> **PROVIDED DATA**:
────────────────
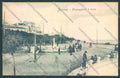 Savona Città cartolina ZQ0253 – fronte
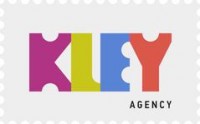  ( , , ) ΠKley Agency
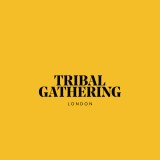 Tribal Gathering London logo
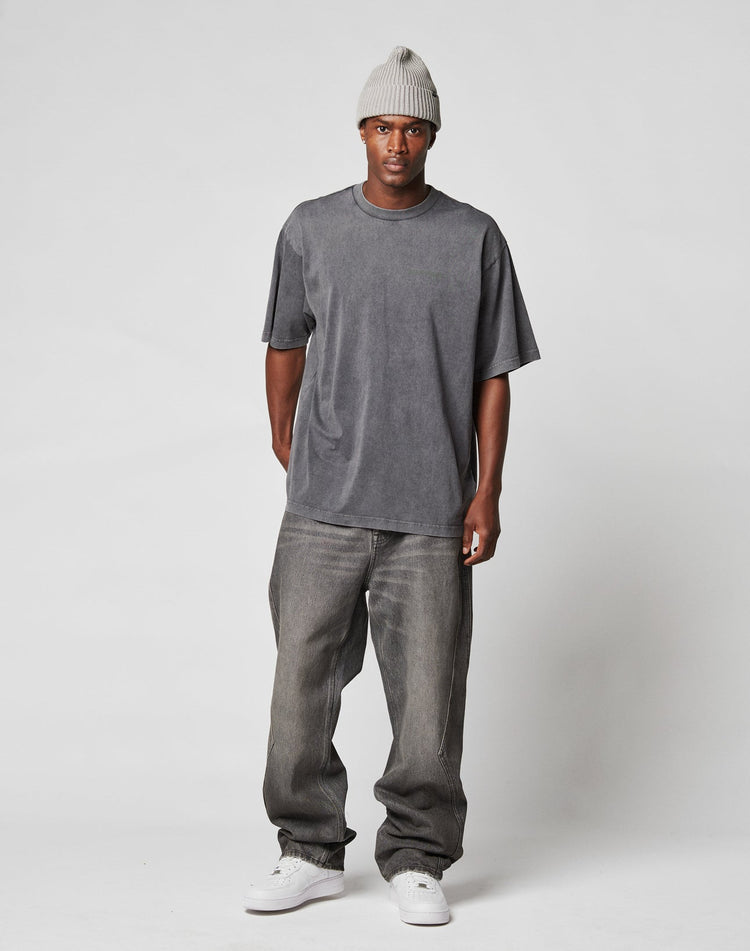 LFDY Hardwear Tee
────────────────
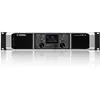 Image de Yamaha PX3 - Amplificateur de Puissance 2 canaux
────────────────
> **EXERCISE DESCRIPTION**:
From the records above, extract the lines from the one holding "Savona Città cartolina ZQ0253 – fronte" through the one holding "LFDY Hardwear Tee", word for word; omit the pictures.

> **ANSWER BELOW**:
 Savona Città cartolina ZQ0253 – fronte
  ( , , ) ΠKley Agency
 Tribal Gathering London logo
 LFDY Hardwear Tee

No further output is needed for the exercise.